Ладно, помощи такой нечего стыдиться, ибо я почти не человек, гордость и стыд уже не про меня, решил старик, покосившись на эти полные руки слева от себя. Так зачем именно ты пришла в этот дом, в дом своего последнего земного одиночества, удивлялся он. Тебе и плюнуть на меня унизительно, вот как. Разве я тебе мало сделал зла в этом же доме много лет назад, когда было тебе еще хуже, чем теперь мне? Через этот порог, помнится, ты не могла перебираться, я видел, как твоя нога цепляется, не в силах одолеть его, и думал, что можно бы вырубить бревно, только зачем это делать, если оно дороже больной ноги, которая уже никогда не станет здоровой?

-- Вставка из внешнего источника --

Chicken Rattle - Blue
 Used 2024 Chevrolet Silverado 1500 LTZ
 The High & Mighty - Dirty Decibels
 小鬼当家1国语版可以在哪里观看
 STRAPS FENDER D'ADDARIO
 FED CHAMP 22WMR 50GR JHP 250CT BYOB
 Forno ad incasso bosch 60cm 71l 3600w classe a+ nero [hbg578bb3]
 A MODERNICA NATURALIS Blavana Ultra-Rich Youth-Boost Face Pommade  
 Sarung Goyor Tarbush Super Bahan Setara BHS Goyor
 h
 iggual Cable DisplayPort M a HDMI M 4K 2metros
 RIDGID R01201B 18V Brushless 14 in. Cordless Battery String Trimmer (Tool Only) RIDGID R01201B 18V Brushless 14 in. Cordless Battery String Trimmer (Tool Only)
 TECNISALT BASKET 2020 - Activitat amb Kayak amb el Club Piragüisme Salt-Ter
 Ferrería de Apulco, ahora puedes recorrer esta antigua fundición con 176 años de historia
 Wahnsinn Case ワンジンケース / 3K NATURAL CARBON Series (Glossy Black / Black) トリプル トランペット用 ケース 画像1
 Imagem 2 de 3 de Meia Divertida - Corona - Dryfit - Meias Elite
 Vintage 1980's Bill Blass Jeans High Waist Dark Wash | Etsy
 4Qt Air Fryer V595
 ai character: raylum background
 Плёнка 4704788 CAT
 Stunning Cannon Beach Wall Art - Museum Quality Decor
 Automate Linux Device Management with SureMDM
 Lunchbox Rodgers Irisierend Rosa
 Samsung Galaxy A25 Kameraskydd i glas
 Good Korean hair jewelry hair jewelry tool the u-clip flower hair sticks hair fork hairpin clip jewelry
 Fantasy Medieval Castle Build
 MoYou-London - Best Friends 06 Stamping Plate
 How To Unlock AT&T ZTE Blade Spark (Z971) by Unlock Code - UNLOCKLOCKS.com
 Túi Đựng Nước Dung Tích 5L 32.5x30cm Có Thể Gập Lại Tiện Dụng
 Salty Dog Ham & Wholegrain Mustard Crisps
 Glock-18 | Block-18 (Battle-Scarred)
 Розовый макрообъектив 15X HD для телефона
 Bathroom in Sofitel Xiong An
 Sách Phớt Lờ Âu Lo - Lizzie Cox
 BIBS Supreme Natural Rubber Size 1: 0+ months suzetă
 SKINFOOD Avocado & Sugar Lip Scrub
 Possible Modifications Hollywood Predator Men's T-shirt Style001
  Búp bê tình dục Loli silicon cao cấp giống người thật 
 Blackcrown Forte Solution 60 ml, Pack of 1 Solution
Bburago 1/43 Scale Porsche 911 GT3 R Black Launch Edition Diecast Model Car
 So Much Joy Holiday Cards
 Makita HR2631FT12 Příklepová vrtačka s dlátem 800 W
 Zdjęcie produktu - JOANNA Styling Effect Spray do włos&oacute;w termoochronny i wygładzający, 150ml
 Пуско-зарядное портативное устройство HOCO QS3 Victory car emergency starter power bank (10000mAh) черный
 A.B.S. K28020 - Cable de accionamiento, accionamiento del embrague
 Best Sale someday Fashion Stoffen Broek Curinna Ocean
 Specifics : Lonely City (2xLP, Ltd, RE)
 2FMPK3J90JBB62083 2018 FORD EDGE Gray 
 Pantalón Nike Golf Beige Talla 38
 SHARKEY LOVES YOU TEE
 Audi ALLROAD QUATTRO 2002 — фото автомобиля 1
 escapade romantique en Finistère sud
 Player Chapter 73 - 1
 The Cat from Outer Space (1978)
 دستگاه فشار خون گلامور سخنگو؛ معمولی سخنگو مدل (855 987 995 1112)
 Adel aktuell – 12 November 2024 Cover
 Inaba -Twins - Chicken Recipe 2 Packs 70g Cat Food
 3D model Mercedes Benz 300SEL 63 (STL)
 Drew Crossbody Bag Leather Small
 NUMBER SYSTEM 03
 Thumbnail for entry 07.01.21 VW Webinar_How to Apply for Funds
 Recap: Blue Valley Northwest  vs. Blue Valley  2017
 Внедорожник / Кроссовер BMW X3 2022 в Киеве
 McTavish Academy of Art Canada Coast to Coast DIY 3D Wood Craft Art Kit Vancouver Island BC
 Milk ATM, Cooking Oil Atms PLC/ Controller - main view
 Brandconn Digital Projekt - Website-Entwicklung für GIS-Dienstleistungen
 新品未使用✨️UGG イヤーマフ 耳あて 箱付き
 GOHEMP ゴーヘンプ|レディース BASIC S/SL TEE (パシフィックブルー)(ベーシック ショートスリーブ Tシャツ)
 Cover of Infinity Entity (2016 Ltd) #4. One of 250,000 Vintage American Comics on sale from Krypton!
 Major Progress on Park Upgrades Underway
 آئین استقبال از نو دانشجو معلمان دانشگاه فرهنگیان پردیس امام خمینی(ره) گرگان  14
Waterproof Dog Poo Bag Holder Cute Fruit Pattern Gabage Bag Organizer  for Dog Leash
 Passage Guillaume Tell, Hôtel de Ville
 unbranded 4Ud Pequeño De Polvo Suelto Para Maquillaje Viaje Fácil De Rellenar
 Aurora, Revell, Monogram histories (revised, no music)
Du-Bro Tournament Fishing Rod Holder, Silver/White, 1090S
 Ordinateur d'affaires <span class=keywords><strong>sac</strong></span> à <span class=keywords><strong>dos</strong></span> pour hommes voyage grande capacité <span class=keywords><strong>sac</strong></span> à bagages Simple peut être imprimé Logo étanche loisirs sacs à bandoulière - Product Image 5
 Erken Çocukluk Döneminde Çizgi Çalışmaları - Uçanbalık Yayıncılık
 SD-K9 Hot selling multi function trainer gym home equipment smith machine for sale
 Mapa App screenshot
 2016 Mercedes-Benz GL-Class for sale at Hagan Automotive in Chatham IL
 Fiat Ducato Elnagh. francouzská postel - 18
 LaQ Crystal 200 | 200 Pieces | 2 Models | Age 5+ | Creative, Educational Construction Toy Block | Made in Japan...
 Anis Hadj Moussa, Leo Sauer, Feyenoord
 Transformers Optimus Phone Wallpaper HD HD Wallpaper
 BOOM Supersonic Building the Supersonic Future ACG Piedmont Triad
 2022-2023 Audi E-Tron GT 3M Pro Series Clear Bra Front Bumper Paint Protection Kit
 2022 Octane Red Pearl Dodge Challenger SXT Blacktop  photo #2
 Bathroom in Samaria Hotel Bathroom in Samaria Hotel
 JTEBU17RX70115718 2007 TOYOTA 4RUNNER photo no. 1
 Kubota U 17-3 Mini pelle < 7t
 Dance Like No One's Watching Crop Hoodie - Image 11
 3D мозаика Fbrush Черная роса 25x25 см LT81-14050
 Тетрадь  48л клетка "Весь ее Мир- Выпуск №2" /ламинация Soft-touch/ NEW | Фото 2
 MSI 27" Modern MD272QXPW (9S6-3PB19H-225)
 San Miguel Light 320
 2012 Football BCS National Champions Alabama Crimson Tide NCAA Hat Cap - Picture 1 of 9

Что ж, я знала. Я догадывалась, что ты не хотел портить порог, знала я и о том, как в твою маленькую седую голову приходят обидные для тебя и злые мысли: почему, почему я должен кормить, одевать и таскать на руках эту женщину, самому стирать ее грязное белье, развешивать на веревке, словно я сам баба и это на мне женились, а не я женился… Ничего, старик, я давно умерла, больше не мешала тебе жить спокойно, сегодня три чайки долго летели рядом с тобою, паря почти на месте, с удивлением глядя сверху вниз на твою согнутую спину, на зеленую вязанку кислицы, мотавшуюся на ней, чайки летели рядом, раздумывая, не пахнет ли здесь какой-нибудь поживой, три белые птицы с чудесными глазами и крыльями кричали тонко, парили легко над тобою, и попеременно то одна, то другая оказывалась выше остальных подруг… Ты жив еще, старик, ты почти на полтора десятка лет больше прожил на свете, чем я.